Repeat the stretch of entries below from the line with "1998 Land Rover" through the line with "Deion Sanders Signed". Include both ends and add nothing.

Extracted information =
● ● ● ● ● ● ●
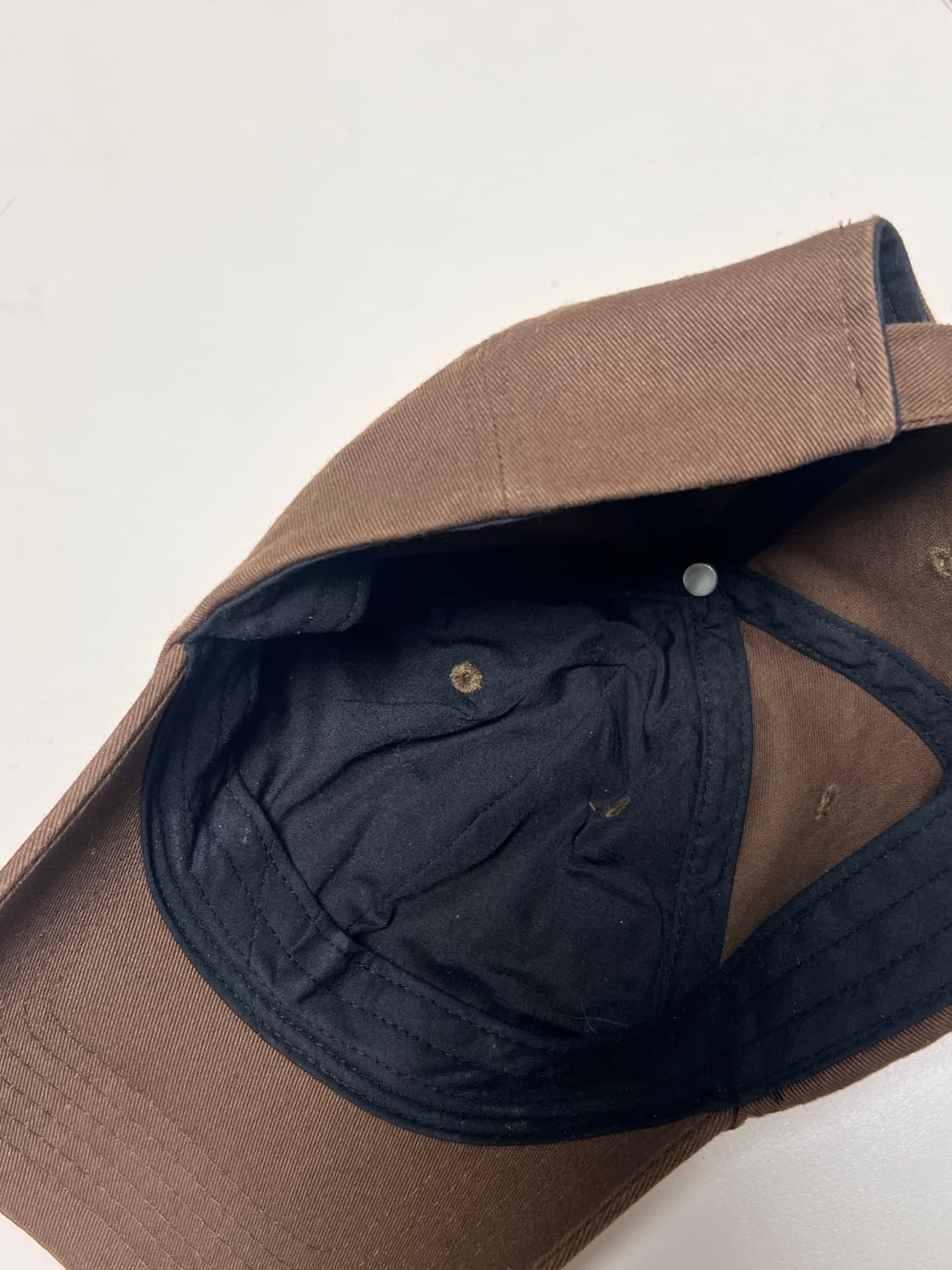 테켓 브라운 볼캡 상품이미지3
● ● ● ● ● ● ●
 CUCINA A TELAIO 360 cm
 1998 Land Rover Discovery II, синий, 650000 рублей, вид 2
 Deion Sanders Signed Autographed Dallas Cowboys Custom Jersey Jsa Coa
● ● ● ● ● ● ●
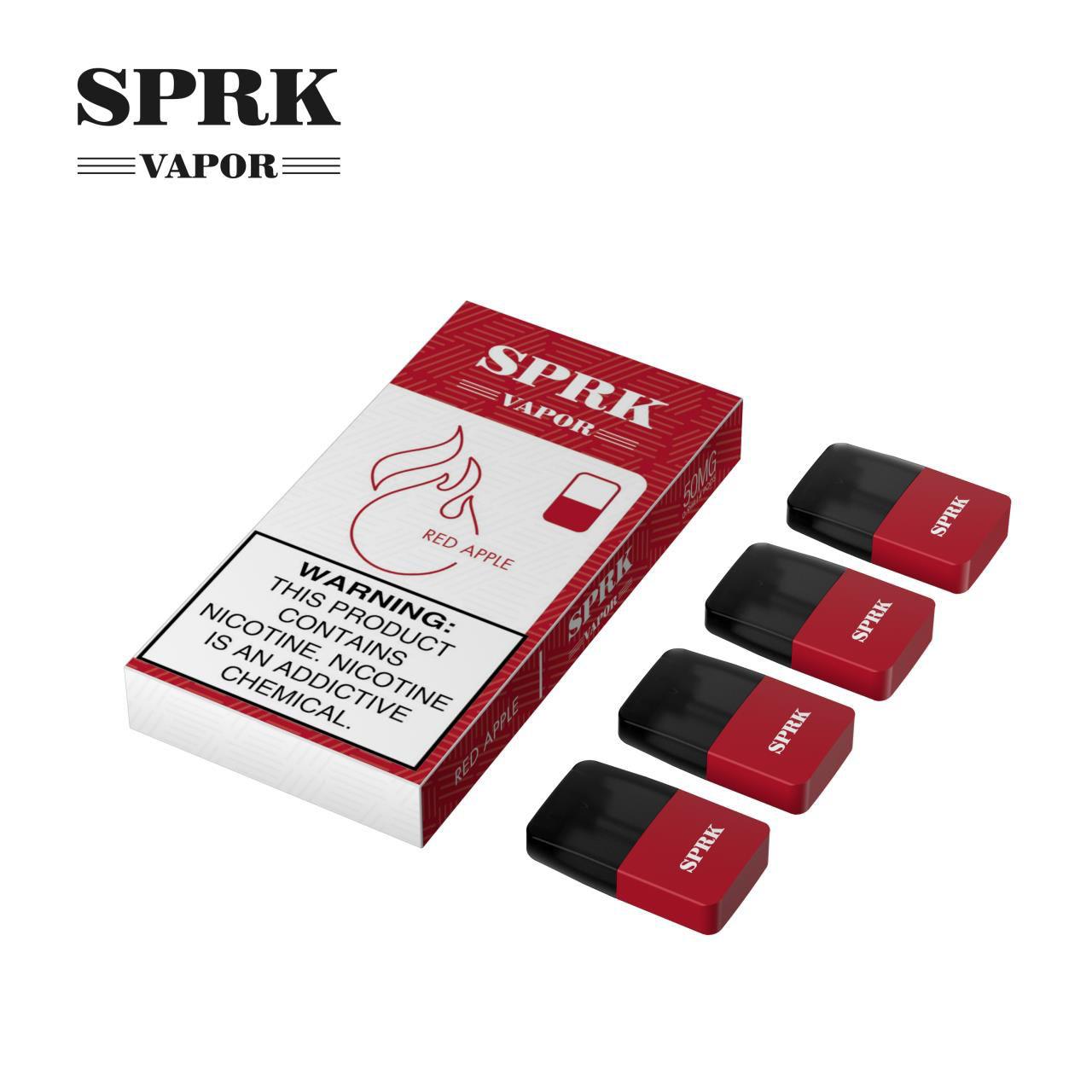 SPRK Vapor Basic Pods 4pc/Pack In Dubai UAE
● ● ● ● ● ● ●
Exercise result =
 1998 Land Rover Discovery II, синий, 650000 рублей, вид 2
 Deion Sanders Signed Autographed Dallas Cowboys Custom Jersey Jsa Coa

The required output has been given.